### EXERCISE DIRECTIONS:
Output the full listing below exactly, without the pictures.
====== SOURCE INFORMATION ======
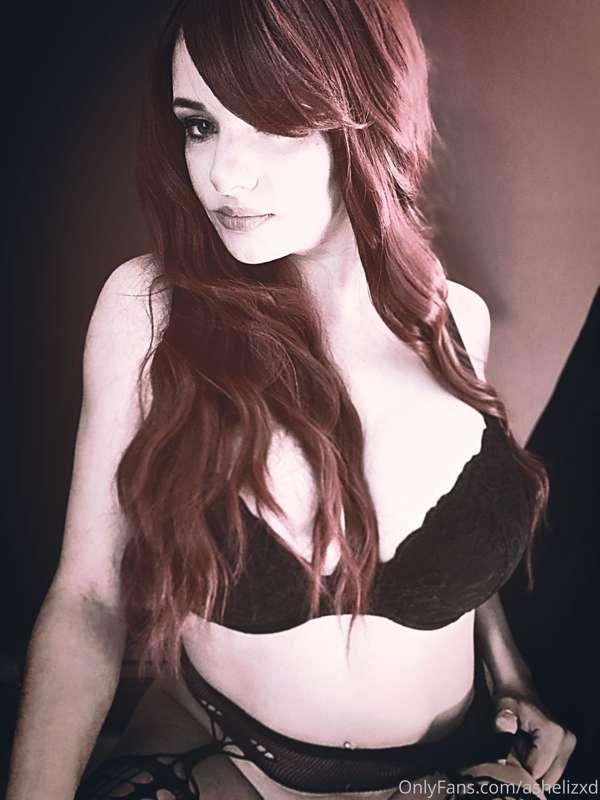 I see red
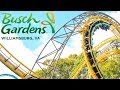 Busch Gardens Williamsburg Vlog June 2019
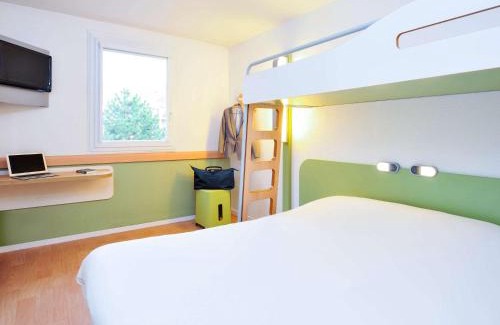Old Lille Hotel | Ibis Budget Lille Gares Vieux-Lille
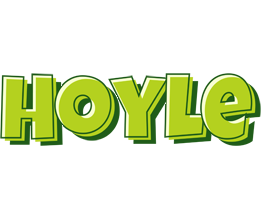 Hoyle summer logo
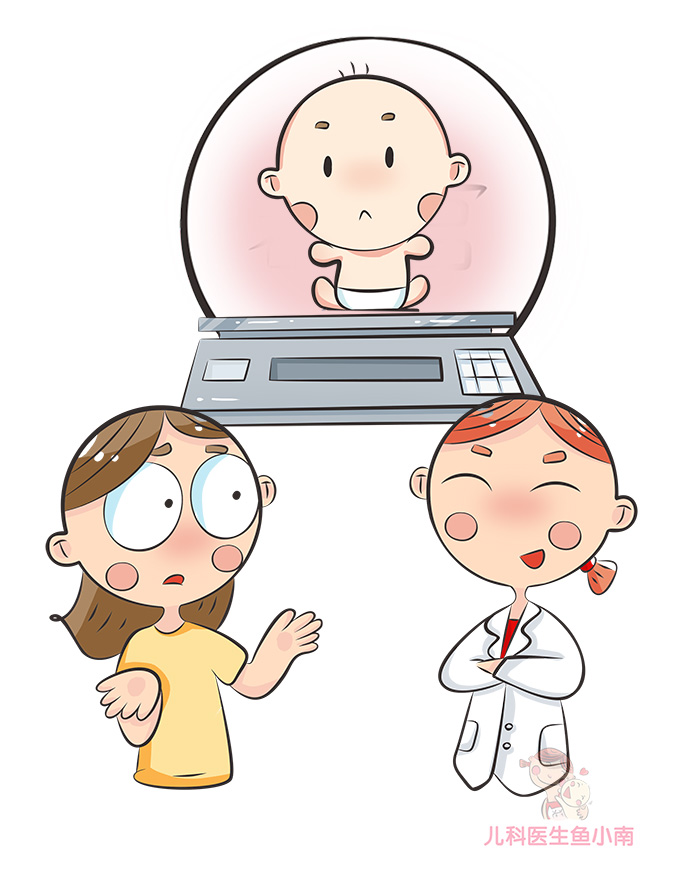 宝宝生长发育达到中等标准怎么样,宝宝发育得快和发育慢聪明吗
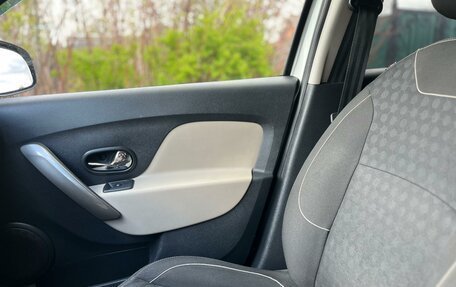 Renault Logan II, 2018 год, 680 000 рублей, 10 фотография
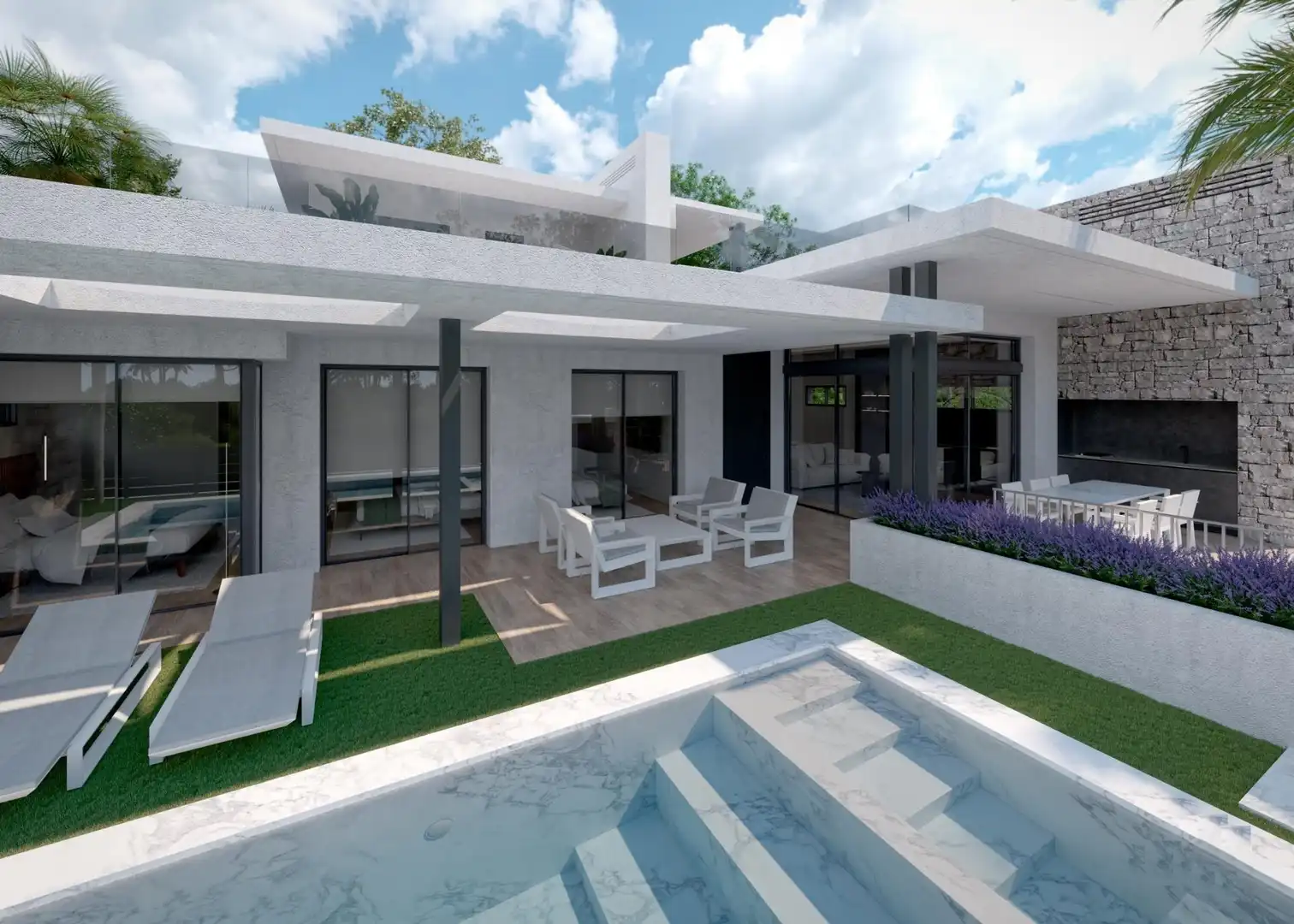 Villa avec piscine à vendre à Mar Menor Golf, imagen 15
======
### PROBLEM SOLUTION:
 I see red
 Busch Gardens Williamsburg Vlog June 2019
Old Lille Hotel | Ibis Budget Lille Gares Vieux-Lille
 Hoyle summer logo
 宝宝生长发育达到中等标准怎么样,宝宝发育得快和发育慢聪明吗
 Renault Logan II, 2018 год, 680 000 рублей, 10 фотография
 Villa avec piscine à vendre à Mar Menor Golf, imagen 15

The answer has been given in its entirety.